* [Data for the task]
--- START ---
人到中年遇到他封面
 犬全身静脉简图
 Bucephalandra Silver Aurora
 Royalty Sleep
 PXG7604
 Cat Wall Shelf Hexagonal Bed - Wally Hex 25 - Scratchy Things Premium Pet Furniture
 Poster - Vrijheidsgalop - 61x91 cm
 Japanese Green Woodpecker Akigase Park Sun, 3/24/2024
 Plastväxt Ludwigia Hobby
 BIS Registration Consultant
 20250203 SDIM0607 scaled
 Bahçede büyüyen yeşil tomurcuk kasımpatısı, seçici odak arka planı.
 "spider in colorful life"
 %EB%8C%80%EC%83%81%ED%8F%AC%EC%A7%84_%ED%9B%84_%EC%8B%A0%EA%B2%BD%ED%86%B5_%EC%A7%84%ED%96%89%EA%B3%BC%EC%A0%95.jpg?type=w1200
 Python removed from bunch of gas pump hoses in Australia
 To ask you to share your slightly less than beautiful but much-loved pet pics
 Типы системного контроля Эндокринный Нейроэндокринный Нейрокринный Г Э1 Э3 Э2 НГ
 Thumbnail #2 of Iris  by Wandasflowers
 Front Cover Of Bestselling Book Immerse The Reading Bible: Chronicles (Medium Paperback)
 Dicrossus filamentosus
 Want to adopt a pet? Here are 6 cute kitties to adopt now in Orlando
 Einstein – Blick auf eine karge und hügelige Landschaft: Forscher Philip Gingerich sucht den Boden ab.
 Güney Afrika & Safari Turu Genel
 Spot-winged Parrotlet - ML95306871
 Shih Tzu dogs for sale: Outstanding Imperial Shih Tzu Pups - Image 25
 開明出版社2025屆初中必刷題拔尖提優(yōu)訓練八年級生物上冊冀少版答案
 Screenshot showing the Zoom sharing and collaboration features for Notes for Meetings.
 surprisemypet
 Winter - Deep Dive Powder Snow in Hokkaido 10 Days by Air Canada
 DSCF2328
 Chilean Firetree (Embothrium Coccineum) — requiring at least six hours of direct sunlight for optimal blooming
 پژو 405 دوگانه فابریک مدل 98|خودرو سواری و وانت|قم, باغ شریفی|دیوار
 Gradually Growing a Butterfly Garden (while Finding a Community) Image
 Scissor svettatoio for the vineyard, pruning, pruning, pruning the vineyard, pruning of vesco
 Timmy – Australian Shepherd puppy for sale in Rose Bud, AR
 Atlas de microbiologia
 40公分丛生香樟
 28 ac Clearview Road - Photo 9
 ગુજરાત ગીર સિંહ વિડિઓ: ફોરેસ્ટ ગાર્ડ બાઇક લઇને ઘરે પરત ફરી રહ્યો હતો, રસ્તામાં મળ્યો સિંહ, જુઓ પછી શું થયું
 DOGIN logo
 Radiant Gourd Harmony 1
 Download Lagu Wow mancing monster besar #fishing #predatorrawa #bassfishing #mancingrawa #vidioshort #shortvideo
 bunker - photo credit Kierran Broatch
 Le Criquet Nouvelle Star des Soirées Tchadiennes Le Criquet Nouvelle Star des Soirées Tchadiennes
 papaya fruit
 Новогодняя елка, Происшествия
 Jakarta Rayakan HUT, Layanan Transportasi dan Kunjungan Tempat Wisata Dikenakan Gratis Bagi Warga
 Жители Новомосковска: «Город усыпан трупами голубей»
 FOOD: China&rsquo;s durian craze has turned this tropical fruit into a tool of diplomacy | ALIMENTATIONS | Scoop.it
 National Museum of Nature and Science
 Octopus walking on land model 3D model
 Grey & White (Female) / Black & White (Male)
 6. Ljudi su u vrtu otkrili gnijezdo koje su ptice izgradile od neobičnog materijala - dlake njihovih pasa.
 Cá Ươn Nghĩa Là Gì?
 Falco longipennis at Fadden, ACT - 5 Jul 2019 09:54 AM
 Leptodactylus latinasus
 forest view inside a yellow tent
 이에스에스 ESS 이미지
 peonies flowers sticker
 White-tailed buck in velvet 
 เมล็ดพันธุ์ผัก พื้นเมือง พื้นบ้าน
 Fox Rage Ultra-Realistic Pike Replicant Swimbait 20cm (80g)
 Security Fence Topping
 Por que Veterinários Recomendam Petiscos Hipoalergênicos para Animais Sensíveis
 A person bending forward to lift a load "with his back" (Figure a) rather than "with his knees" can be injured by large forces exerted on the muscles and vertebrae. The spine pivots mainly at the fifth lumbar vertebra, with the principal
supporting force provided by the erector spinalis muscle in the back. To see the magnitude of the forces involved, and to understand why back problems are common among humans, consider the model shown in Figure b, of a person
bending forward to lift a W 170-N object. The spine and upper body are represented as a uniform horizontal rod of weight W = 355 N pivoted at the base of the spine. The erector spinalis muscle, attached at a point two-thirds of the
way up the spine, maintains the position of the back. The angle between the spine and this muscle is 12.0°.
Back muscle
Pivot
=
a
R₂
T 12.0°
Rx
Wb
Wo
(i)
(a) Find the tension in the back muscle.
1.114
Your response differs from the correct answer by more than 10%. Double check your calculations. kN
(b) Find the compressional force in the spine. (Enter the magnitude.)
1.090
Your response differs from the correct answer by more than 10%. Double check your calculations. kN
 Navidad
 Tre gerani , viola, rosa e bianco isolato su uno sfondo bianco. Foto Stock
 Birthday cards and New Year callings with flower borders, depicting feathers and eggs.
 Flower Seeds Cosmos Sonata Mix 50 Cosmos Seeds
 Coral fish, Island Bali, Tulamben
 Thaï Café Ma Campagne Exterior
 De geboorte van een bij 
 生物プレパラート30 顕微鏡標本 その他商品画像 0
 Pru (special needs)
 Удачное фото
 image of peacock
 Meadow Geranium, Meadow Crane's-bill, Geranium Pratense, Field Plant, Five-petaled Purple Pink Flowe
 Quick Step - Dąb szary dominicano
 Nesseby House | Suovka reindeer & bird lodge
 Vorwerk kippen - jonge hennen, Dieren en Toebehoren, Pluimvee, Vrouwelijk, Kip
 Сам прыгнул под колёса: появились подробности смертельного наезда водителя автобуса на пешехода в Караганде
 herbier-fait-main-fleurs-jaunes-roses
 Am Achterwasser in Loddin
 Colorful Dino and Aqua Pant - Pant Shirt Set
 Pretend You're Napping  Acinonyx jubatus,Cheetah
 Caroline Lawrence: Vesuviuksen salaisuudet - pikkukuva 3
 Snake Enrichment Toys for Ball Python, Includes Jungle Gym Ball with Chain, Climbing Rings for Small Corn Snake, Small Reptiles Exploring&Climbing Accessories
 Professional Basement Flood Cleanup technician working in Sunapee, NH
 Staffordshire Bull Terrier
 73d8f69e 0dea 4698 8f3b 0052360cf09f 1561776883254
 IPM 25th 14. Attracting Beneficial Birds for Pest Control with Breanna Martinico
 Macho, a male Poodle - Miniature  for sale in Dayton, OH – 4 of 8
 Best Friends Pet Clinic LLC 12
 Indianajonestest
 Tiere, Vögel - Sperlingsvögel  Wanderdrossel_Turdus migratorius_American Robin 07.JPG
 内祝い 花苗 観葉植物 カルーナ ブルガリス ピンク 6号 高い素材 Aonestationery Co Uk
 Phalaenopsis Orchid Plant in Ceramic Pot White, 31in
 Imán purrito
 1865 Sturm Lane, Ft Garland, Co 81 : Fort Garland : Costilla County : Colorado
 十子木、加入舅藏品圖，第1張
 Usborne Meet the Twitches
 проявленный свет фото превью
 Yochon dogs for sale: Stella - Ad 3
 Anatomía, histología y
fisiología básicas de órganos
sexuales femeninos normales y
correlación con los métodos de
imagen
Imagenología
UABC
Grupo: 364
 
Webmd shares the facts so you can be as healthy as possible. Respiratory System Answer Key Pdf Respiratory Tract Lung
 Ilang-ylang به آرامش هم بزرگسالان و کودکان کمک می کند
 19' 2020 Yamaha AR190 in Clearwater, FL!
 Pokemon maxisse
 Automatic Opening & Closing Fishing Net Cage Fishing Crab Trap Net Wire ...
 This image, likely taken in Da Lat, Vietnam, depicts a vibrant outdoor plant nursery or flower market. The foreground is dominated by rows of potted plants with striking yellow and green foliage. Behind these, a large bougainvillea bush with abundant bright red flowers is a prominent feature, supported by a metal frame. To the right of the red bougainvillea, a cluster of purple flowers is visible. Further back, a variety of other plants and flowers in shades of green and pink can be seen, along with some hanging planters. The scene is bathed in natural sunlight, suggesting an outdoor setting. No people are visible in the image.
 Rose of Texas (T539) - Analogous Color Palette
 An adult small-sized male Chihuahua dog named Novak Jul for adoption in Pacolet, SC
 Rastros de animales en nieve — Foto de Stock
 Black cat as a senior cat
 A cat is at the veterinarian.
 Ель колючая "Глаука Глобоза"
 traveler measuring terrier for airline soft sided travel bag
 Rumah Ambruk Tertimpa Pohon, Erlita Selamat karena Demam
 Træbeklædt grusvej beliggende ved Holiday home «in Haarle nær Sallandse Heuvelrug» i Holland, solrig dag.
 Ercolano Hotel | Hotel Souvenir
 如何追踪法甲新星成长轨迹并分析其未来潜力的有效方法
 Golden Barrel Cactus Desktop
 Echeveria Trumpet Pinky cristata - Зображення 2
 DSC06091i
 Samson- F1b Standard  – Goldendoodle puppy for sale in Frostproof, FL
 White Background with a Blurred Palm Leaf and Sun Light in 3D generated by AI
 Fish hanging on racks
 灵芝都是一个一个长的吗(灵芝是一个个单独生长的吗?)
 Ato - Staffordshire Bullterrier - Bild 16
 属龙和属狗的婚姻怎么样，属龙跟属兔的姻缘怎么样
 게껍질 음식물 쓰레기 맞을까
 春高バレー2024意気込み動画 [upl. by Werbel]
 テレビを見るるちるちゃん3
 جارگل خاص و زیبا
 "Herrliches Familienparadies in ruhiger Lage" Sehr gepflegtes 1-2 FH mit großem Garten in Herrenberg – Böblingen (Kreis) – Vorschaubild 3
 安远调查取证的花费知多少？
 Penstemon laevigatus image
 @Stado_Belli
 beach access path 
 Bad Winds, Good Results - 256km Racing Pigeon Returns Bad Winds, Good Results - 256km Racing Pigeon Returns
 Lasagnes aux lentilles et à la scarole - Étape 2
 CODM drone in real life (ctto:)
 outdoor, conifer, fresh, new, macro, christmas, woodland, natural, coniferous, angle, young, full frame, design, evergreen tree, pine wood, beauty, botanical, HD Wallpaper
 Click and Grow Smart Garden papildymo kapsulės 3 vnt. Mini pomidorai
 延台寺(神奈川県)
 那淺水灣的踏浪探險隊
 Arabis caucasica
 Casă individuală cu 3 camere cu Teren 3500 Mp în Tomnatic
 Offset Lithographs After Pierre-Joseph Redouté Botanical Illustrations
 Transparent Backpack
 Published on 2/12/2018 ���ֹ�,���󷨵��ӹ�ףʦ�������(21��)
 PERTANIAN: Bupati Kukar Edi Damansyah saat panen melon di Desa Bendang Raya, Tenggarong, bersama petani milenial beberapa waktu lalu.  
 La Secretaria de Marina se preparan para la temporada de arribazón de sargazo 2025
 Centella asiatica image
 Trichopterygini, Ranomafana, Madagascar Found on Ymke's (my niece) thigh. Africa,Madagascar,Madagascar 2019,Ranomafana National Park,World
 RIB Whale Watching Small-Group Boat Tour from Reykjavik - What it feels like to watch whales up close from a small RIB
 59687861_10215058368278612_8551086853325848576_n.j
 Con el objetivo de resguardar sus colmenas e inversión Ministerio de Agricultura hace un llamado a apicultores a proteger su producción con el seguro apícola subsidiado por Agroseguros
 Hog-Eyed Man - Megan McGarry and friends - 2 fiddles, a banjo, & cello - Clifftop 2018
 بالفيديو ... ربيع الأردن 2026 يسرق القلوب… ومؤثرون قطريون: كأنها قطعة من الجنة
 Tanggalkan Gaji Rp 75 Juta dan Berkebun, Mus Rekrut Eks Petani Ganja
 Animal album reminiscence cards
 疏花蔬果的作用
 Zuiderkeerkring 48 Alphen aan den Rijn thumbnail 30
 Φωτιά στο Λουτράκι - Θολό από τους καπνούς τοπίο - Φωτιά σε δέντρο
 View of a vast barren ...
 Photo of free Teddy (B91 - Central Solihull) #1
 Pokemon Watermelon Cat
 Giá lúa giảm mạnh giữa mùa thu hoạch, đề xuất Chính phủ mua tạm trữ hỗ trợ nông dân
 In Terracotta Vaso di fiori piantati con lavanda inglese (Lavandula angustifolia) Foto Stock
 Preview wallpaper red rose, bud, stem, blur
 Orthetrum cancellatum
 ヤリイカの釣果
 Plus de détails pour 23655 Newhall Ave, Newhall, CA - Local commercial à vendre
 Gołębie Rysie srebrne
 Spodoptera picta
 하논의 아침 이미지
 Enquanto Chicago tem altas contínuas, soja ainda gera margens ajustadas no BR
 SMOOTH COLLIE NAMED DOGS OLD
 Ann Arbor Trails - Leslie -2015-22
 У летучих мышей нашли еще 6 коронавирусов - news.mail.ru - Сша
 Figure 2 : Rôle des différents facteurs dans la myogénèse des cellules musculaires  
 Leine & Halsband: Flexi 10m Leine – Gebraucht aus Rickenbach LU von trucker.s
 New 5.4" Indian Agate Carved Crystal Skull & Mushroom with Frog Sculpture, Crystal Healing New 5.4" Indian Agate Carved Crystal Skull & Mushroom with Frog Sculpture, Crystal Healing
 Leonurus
--- END ---
* [Work item] Search the records for the string "Foto" and report each line that has it.

* [Solution to this problem]
 Tre gerani , viola, rosa e bianco isolato su uno sfondo bianco. Foto Stock
 Rastros de animales en nieve — Foto de Stock
 In Terracotta Vaso di fiori piantati con lavanda inglese (Lavandula angustifolia) Foto Stock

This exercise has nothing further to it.